Ran create_data.py on a bunch of tv show audio with subtitles then run_finetuning.py and getting this.
Traceback (most recent call last):
File "/home/me/whisper-finetuning/run_finetuning.py", line 297, in <module>
main()
File "/home/me/whisper-finetuning/run_finetuning.py", line 286, in main
main_loop(
File "/home/me/whisper-finetuning/run_finetuning.py", line 209, in main_loop
min_loss = evaluate(model, dev_loader)
File "/opt/conda/lib/python3.10/site-packages/torch/utils/_contextlib.py", line 115, in decorate_context
return func(*args, **kwargs)
File "/home/me/whisper-finetuning/run_finetuning.py", line 165, in evaluate
for x, y_in, y_out in tqdm(dev_loader):
File "/opt/conda/lib/python3.10/site-packages/tqdm/std.py", line 1178, in __iter__
for obj in iterable:
File "/opt/conda/lib/python3.10/site-packages/torch/utils/data/dataloader.py", line 633, in __next__
data = self._next_data()
File "/opt/conda/lib/python3.10/site-packages/torch/utils/data/dataloader.py", line 1325, in _next_data
return self._process_data(data)
File "/opt/conda/lib/python3.10/site-packages/torch/utils/data/dataloader.py", line 1371, in _process_data
data.reraise()
File "/opt/conda/lib/python3.10/site-packages/torch/_utils.py", line 644, in reraise
raise exception
RuntimeError: Caught RuntimeError in DataLoader worker process 1.

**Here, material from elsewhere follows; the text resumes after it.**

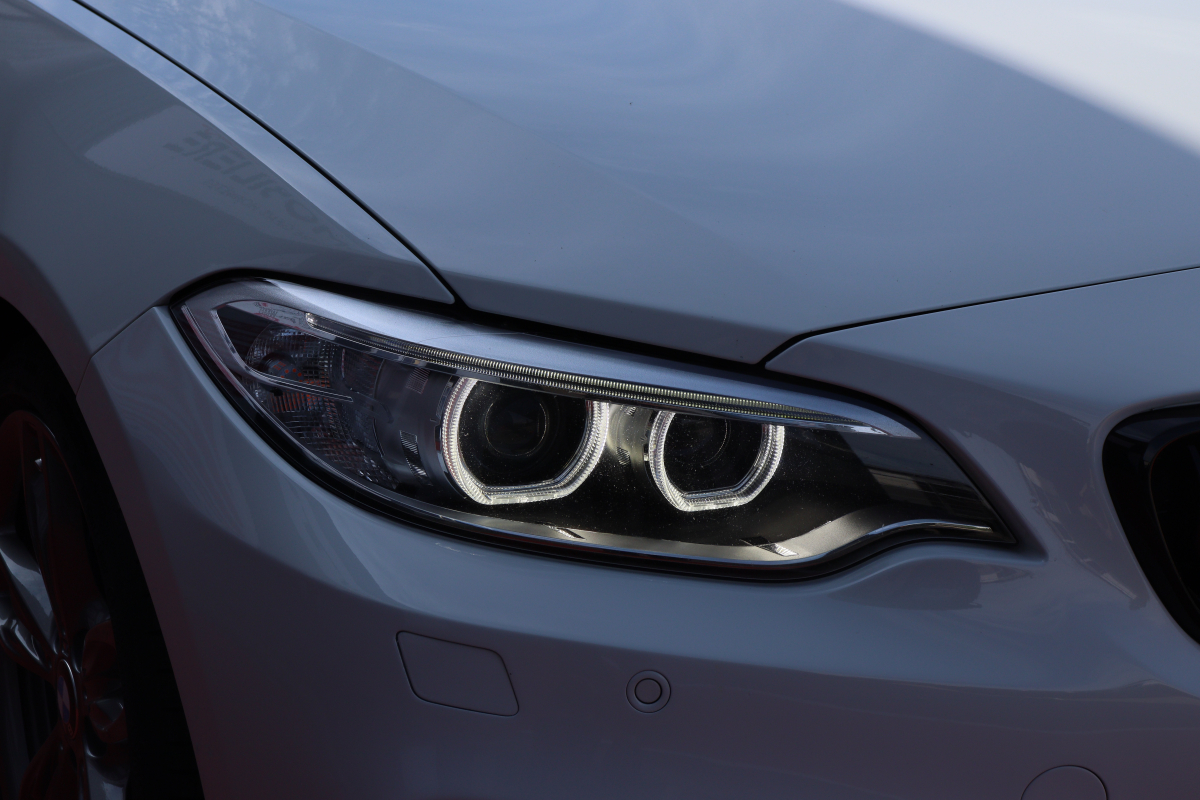 Bmw Série 2 — 32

Original Traceback (most recent call last):
File "/opt/conda/lib/python3.10/site-packages/torch/utils/data/_utils/worker.py", line 308, in _worker_loop
data = fetcher.fetch(index)
File "/opt/conda/lib/python3.10/site-packages/torch/utils/data/_utils/fetch.py", line 51, in fetch
data = [self.dataset[idx] for idx in possibly_batched_index]
File "/opt/conda/lib/python3.10/site-packages/torch/utils/data/_utils/fetch.py", line 51, in <listcomp>
data = [self.dataset[idx] for idx in possibly_batched_index]
File "/home/me/whisper-finetuning/dataloader.py", line 149, in __getitem__
mel = self._calculate_mel(record.audio_path, next_partial_segment_start, no_timestamps)
File "/home/me/whisper-finetuning/dataloader.py", line 105, in _calculate_mel
mel = log_mel_spectrogram(audio_path)
File "/opt/conda/lib/python3.10/site-packages/whisper/audio.py", line 138, in log_mel_spectrogram
stft = torch.stft(audio, N_FFT, HOP_LENGTH, window=window, return_complex=True)
File "/opt/conda/lib/python3.10/site-packages/torch/functional.py", line 639, in stft
input = F.pad(input.view(extended_shape), [pad, pad], pad_mode)
RuntimeError: 2D or 3D (batch mode) tensor expected for input, but got: [ torch.FloatTensor{1,1,0} ]
Once again thanks for creating this project.
Can't seem to get past this.
Ran create_data.py on a bunch of tv show audio with subtitles then run_finetuning.py and getting this.
Any help would be greatly appreciated. Thanks.